The university has seen numerous protests since Hamas attacked Israel Oct. 7, killing 1,200 people and taking hostages, which was followed by Israeli attacks that Hamas officials say have killed roughly 33,000 Palestinians over the past six months. 

These were the first arrests associated with the protests at Stony Brook and include seven students, one alumnus and one nonstudent charged with disorderly conduct, school officials said. 

WHAT TO KNOW

  • Controversy has erupted over the recent arrest of nine people at a pro-Palestinian rally at Stony Brook University.
  • An electronic letter bearing the names of numerous staff and students criticized the arrests as "criminalizing" protest, while school officials say those arrested were being disruptive.
  • The university, and others across the nation, have seen numerous protests since the start of the Israel-Hamas war in October.

"They proceeded to disrupt university activities inside the building through the use of a bullhorn, a drum, and loud chants," said an email to the campus community that day from Rick Gatteau, vice president for student affairs.

Gatteau said school officials had advised the protesters several times that they were violating campus policies and had to leave, and while the majority of about 30 people did, nine stayed and were arrested.

In the past, Stony Brook's campus police have worked closely with rally organizers, mapping out a route for protesters and placing numerous police officers along the way. The group deviated from the route March 26 and entered the administration building, Gatteau said.

On Tuesday, Robert T. Chase, an associate professor of history and Africana studies, shared with Newsday the "open" electronic letter, which included the names of more than 450 faculty, staff, students, alumni and others, criticizing the arrests.

"The use of campus police to arrest students for holding a sit-in and the administration's intolerance to peaceful protest threaten the free exchange of ideas and will have a chilling effect on the intellectual atmosphere of this university," the letter read. 

The letter said the protesters had sat quietly in a common hallway of the administrative building.

"As faculty, students, staff and community members, we are concerned that the university responded to a sit-in with arrests, which is tantamount to criminalizing free speech and peaceful protest," the letter said.

Stony Brook is among numerous college campuses around the country roiled by protests in support of Palestinians, some ending in arrests.

In October, 56 students and one employee were arrested for trespassing at the University of Massachusetts Amherst. In November, seven protesters were arrested at Brandeis University in Massachusetts after officials said their rally "devolved into an invocation of hate speech." Also that month, 40 people were arrested at the University of Michigan after they forcefully gained entrance to a locked administration building that houses the president's office. 

The Stony Brook campus saw another pro-Palestinian protest Wednesday, when nearly 100 people peacefully protested with hardly any visible police presence. 

Zach Greenberg, an attorney with the Foundation for Individual Rights and Expression, said public universities such as Stony Brook are bound to follow the First Amendment's protections of individual rights and expression.
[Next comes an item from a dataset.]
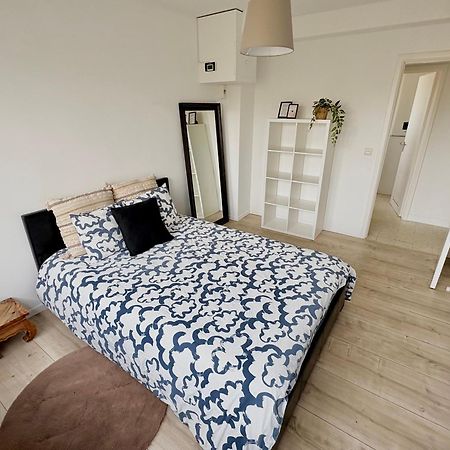 Charming Two Bedroom Flat - Nato - Брюссель Экстерьер фото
That covers protesters' right to rally in open, outdoor areas, said Greenberg, whose organization is based in Philadelphia.
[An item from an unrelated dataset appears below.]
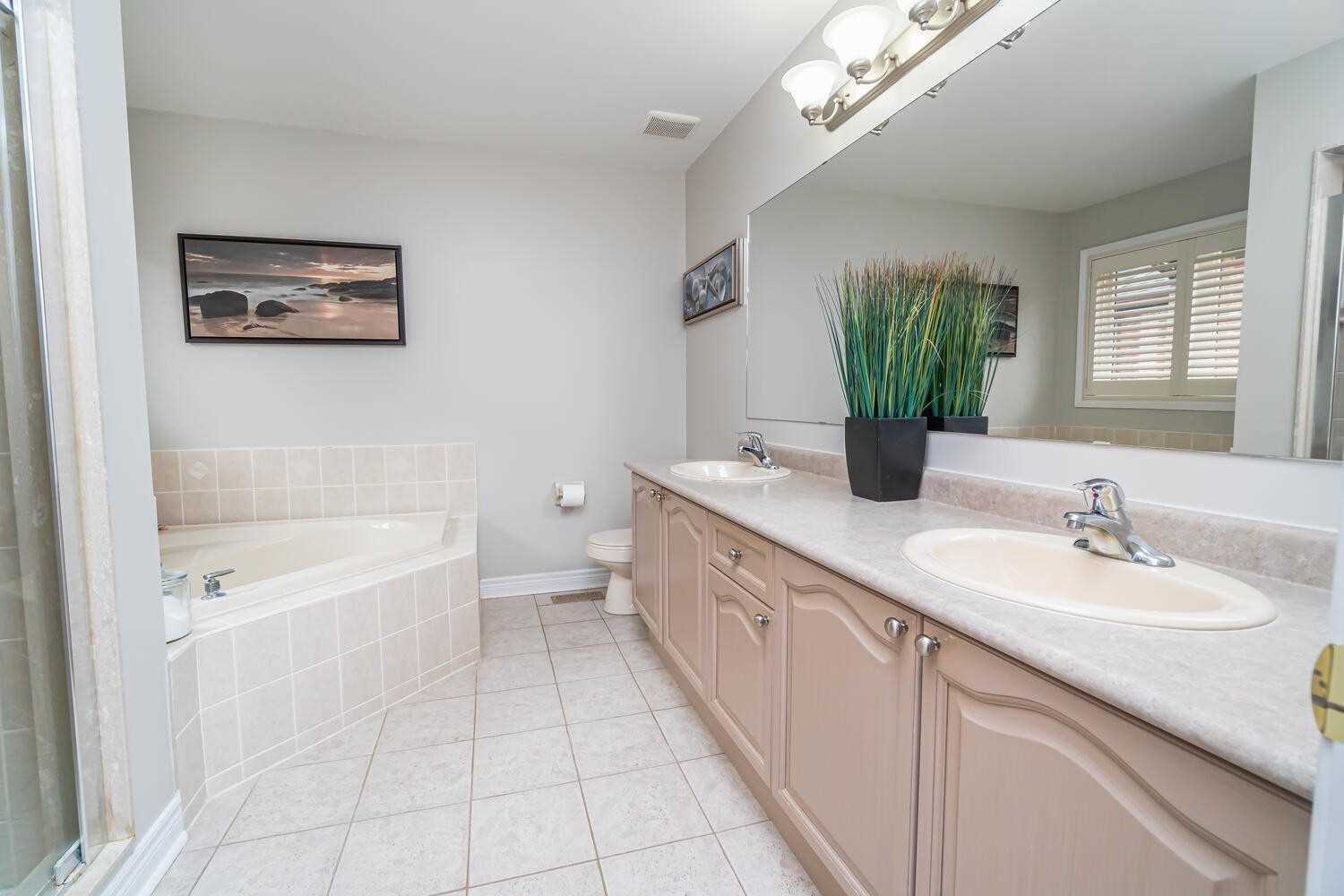 Listing W5721943 - Large Photo # 23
"When protesters go inside a building, especially if they use drums and a bullhorn, that can be very disruptive," he said, and "the university can address that disruption by ending the protest."
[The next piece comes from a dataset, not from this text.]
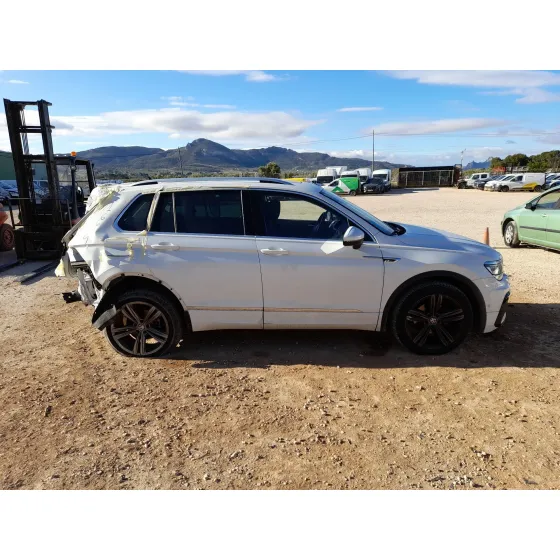 Volkswagen TIGUAN (AD1, AX1) 2016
Greenberg said the Israel-Palestine issue has become one of the most heated controversies on campuses in recent memory.

"It encompasses race, ethnicity, religion and politics," he said. 

Stony Brook officials said in a statement Wednesday the school values the right to free speech and peaceful assembly. 

"While we regret this outcome, it is our responsibility to protect the university from disruption and to hold students accountable for behavior that impacts the safety, security and operations of the university."

The letter protesting the arrests calls for the charges to be dropped, a public accounting of the policy and decision-making regarding the arrests, and the removal of campus police from peaceful events and demonstrations.